A faculty member at Rollins College, in Winter Park, Florida, has just had a book published by the University Press of Florida titled Tracing Florida Journeys, in which professor of environmental studies Leslie Poole shamefully perpetuates the orange blossom fable/fairy tale/bubbemisseh, writing about Julia Tuttle on p. 149, wherein she stated “she sent [Flagler] orange blossoms by mail after the devastating freeze of February 1895 ….that were proof that Miami was a subtropical wonder free of cold temperatures.”

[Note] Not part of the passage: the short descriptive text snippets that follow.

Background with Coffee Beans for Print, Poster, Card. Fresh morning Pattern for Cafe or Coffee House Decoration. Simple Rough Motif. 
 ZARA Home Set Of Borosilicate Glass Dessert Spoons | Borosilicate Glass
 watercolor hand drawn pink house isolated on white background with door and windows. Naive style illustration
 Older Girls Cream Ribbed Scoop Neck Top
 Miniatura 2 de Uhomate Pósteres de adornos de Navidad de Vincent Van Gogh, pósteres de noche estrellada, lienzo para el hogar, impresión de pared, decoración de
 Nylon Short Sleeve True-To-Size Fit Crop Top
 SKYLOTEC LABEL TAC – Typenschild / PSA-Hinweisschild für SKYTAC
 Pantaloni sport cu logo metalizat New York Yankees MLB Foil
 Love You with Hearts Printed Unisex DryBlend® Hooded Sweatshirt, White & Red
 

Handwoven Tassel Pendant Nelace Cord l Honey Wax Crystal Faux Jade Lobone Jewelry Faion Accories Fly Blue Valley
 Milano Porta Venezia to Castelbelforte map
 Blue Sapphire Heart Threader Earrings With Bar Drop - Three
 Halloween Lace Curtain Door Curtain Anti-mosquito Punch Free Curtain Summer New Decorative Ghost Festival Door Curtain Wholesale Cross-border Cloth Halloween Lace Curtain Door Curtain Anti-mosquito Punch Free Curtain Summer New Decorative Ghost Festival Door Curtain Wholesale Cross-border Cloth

Not only is the fact that Dr. Poole wrote such nonsensical tripe without checking out the facts and the truth of what actually did occur following the great and terrible freezes of December of 1894 and January and February of 1895 utterly shameful, but to claim that “she sent them by mail….” Oh, lordy, there apparently will never be an end to that silliness and fol-de-rol in regard to an “event” which never occurred. Without going any further, I, not only as Company Historian of the Florida East Coast Railway but as the author of five histories of that great railroad, have explained in detail what actually did happen regarding Mary and William Brickell, Mrs. Tuttle and Mr. Flagler both before and after the freezes. Simply put, Mr. Flagler extended the railroad to the shores of Biscayne Bay not because some woman sent him “orange blossoms” (which she never did) but because she, the Brickells, the State and several private land owners gave him the land which he needed in order to extend the railroad to the shores of Biscayne Bay.